Will Free Zone Entities of Large Multinationals be Subject to Corporation Tax?

by Glenn Maxwell

Free zone entities play a crucial role in enhancing the economy of the United Arab Emirates and have also contributed greatly to the struggles of the country in achieving its aim of attracting direct investments from foreign countries and facilitating business in the country. Local and multinational companies that are registered in free zones are referred to as free zone persons in UAE corporate tax law. According to the new corporate tax regime, all free zone registered persons including small companies or large multinational companies will be subject to corporate tax in UAE.

Corporation Tax on Free Zone Businesses

Following is all the detail that the Ministry of Finance has shared about corporate tax on free zone entities in the new corporate tax regime;

  • All small and large-scale businesses that are registered in the free zones of UAE fall under the scope of corporate tax in UAE and are required to file for tax. However, the free zone persons that comply with all the legislation and regulation requirements will still be able to enjoy the tax incentives that they are currently being given as per the new CT regime.
  • The new CT regime respects the aim and purpose of the free zones and for this reason, a free zone business will be able to enjoy a corporate tax rate of up to 0 percent for all income gained from business transactions performed with businesses outside the UAE.
  • A free zone business will be able to enjoy a corporate tax rate of up to 0 percent for all income gained from business transactions performed with businesses located in other free zones of the same category.
  • A free zone business will also be able to enjoy a corporate tax rate of up to 0 percent if it regularly performs certain financial services in non-UAE markets.
  • A business whose main office is registered in the free zone of UAE but also has branches in other parts of UAE will be subject to the regular corporate tax rate for the income earned from branches other than the free zone. However, the income it earns within the free zone will still be subject to a 0 percent CT rate.
  • If a free zone business does not run any branches on the mainland of UAE but performs certain transactional activities outside the free zone, it will be able to enjoy a 0 percent corporate tax rate given that the income being transacted falls under passive income instead of active income. This can include capital gains, dividends, royalties, and interests, that might come from business shares with mainland entities.
  • Companies often work in groups and UAE encourages it because it maintains UAE on its position as a headquarters business location and a leading business hub. For such free zone companies that work in groups with mainland companies and transact with them, the new CT regime offers a 0 percent CT rate. However, these transactions need to be considered neutral and for this purpose, any payment made by mainland group business to the free zone business will not fall under the deductible expense category of income.
  • Another category of free zone businesses can enjoy a 0 percent corporate tax rate on income gained by selling goods on the mainland of UAE and this is such a business that executes in a designated zone for VAT (Value Added Tax) reasons.
  • Apart from all the categories that enjoy a 0 percent tax rate as mentioned above, no other business that falls under CT will be able to enjoy a 0 percent tax rate. Any business that disqualifies for a 0 percent CT rate is strictly discouraged by the Ministry of Finance to take unfair advantages as per the new CT regime.
  • The new CT regime allows the free zone businesses to make elections in order to be able to be subject to the general rate of corporate tax any time they want.

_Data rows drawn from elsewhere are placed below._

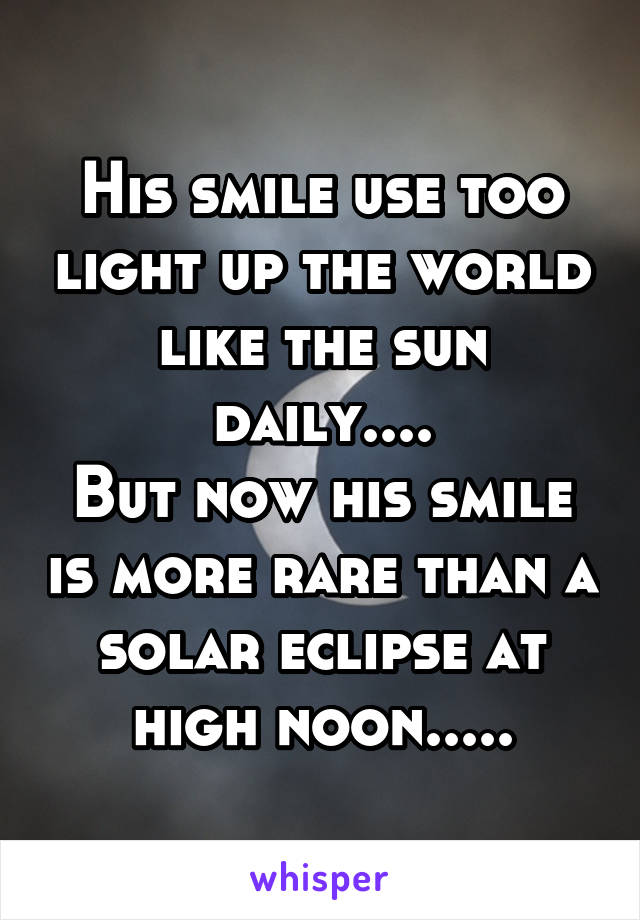 His smile use too light up the world like the sun daily....
But now his smile is more rare than a solar eclipse at high noon.....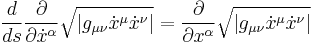  {d \over ds} {\partial \over \partial \dot x^\alpha} \sqrt{\left| g_{\mu \nu} \dot 
x^\mu \dot x^\nu \right|} = {\partial \over \partial x^\alpha} \sqrt{\left| g_{\mu \nu} \dot x^\mu \dot x^\nu \right|} 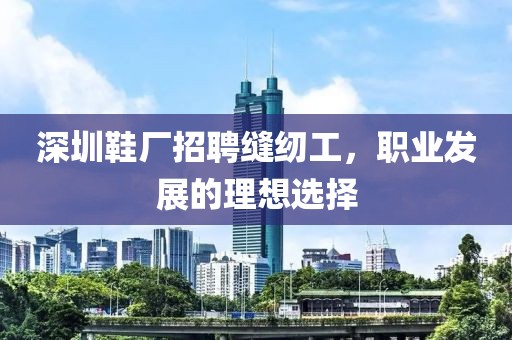 深圳鞋廠招聘縫紉工，職業(yè)發(fā)展的理想選擇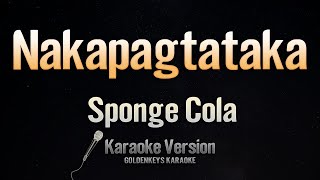 Nakapagtataka - Sponge Cola (Karaoke)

What if a business does not have a permanent establishment in the UAE free zone?

According to the new corporate tax in Dubai, UAE, companies that are not registered in the UAE or do not have a permanent establishment in the UAE will not fall under the scope of CT. However, if a company that is not registered permanently but earns UAE-sourced income will be subject to the corporate tax in UAE. This is the only case where a person can be taxed in the UAE without permanent registration. Therefore, it does not matter whether this person is located in the mainland or free zone in the UAE, the rule is the same for a business anywhere in the UAE. Earning from a business in the UAE whether or not it is permanently registered, is enough for the business to be subject to corporate tax as per the Ministry of Finance.